--- MATERIAL FOR THE TASK Enclosed Below ---

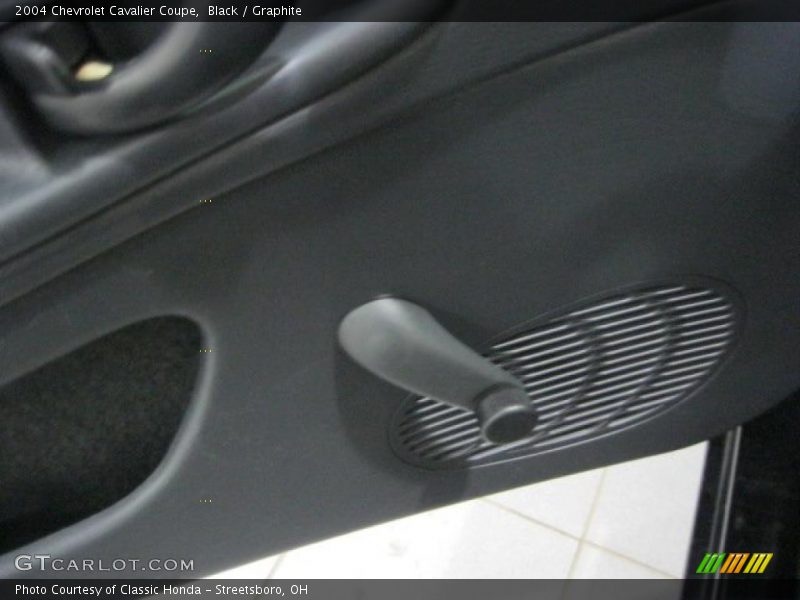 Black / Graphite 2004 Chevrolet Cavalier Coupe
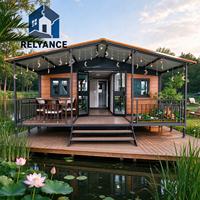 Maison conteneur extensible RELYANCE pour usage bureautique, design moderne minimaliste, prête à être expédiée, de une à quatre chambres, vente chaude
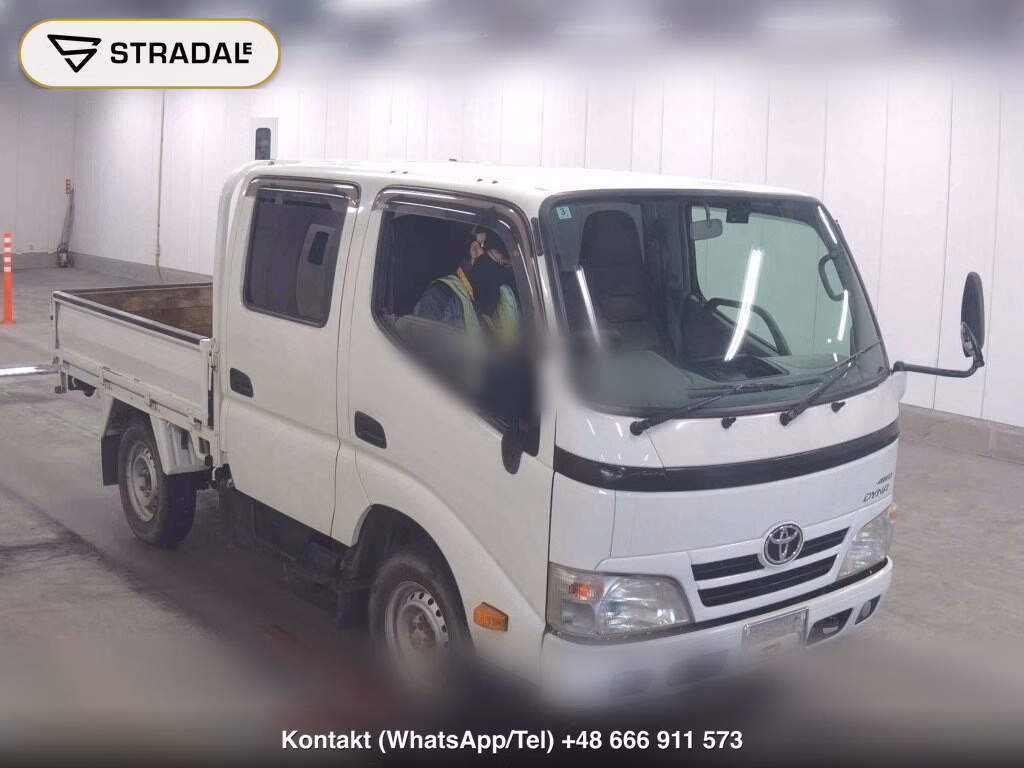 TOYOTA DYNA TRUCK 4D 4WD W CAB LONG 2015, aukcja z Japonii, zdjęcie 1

--- End of Enclosed MATERIAL FOR THE TASK ---
--- MATERIAL FOR THE TASK Enclosed Below ---

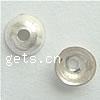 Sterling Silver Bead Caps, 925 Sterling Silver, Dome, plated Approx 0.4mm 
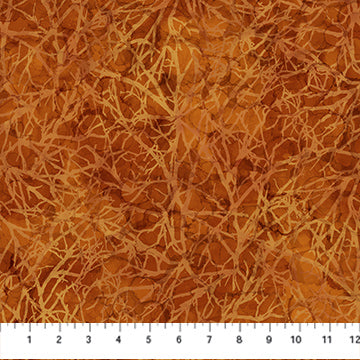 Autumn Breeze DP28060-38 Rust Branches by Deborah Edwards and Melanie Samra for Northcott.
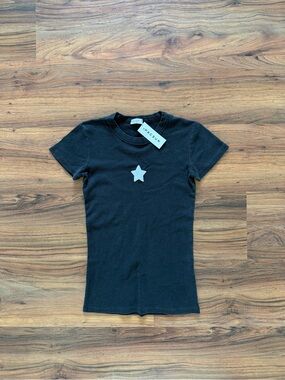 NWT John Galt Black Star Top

--- End of Enclosed MATERIAL FOR THE TASK ---

### [TASK OBJECTIVE]
In the records above, find the line with "Black / Graphite" and the line with "TOYOTA DYNA TRUCK". Write out exactly those lines and every one between, with no pictures and no other lines.

### [RESULT OF THE EXERCISE]
 Black / Graphite 2004 Chevrolet Cavalier Coupe
 Maison conteneur extensible RELYANCE pour usage bureautique, design moderne minimaliste, prête à être expédiée, de une à quatre chambres, vente chaude
 TOYOTA DYNA TRUCK 4D 4WD W CAB LONG 2015, aukcja z Japonii, zdjęcie 1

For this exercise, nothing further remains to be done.